# New wheelset on my new Felt



## Sully00 (Dec 29, 2012)

I have about 100 miles in the bike and the heavy CXP22's are now my official back up set. Ksyrium Elite S set is on and ready to go. Weather looks good for a ride tomorrow afternoon...can't wait to put some miles on them. I like this bike more and more with every trip.:thumbsup:


----------



## CMJTperry (Oct 23, 2012)

Love that bike!
I have 2011 Z85 and 2012 Z6


----------



## astrilt1 (Jan 9, 2013)

nice! would love to hear your thoughts on ride difference between the two sets of wheels.


----------



## jerdawg (Jun 14, 2012)

astrilt1 said:


> nice! would love to hear your thoughts on ride difference between the two sets of wheels.


I haven't stopped thinking about these wheels since I seen your pic....they look good!
So please, give us some feedback at to how your liking them.


----------



## Sully00 (Dec 29, 2012)

astrilt1 said:


> nice! would love to hear your thoughts on ride difference between the two sets of wheels.





jerdawg said:


> I haven't stopped thinking about these wheels since I seen your pic....they look good!
> So please, give us some feedback at to how your liking them.

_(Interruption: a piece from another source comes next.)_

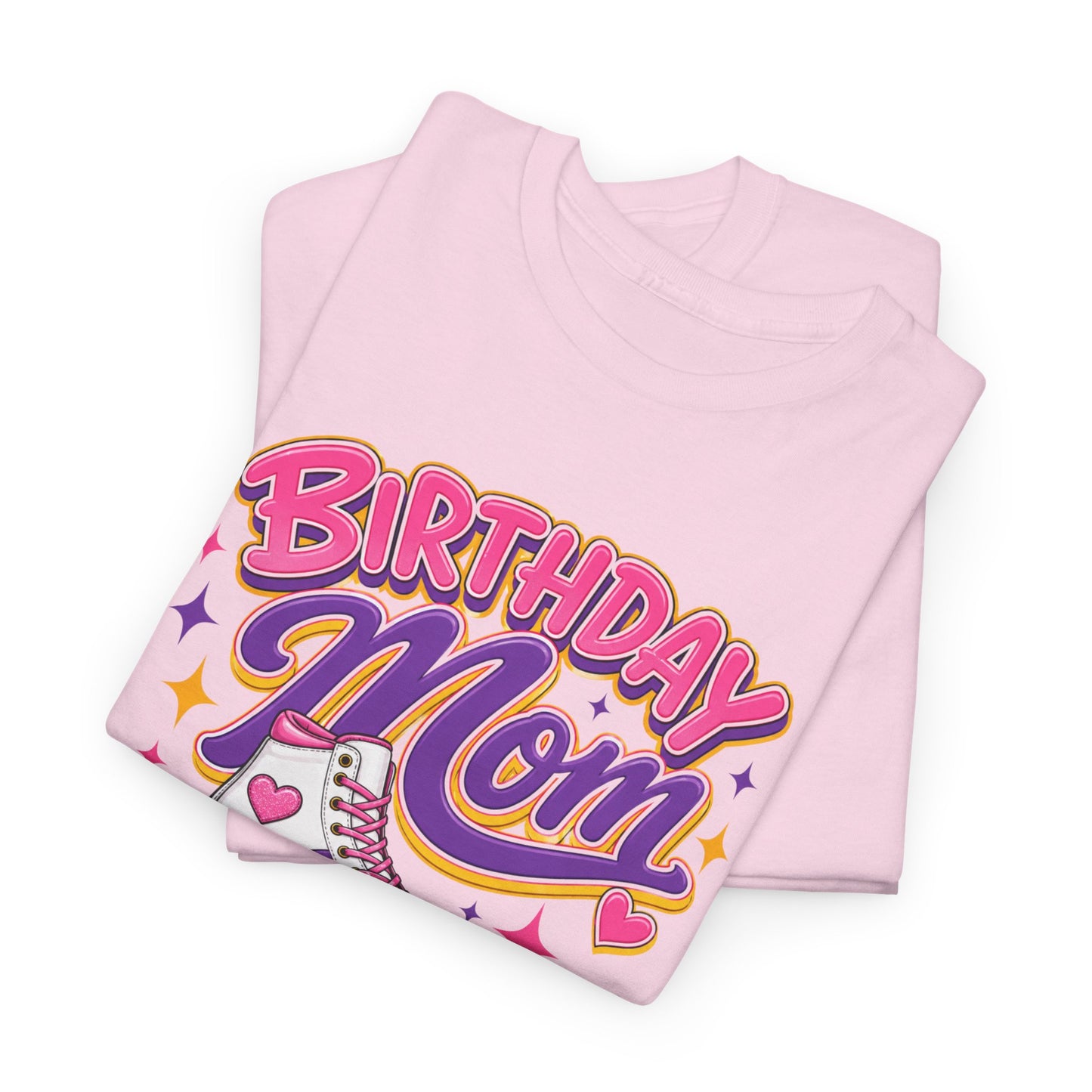Women's Roller Skating Birthday T-Shirt - Birthday Mom - Retro Skate Tee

So far I have about 75 miles on them. I've been very happy thus far. They are much lighter than my stock wheels. They were incredibly true right out of the box. Workmanship is very nice...these wheels look fast. Sturdy, responsive when climbing and did I say they look the part?  One of the first things I noticed was how well they spun just coasting down one of my first hills. I was doing 30 mph in no time compared to my stock wheels. I was able to score these 2013's off of ebay for $679 with shipping included. Another nice thing about the set is it comes with tires and tubes mounted. 23mm Yksion Pro Power on the back and Pro Grip on the front...25's are available. RBR members have told me to go with a custom wheelset for the value but I couldn't pass them up for the price with tires (msrp is 800).


----------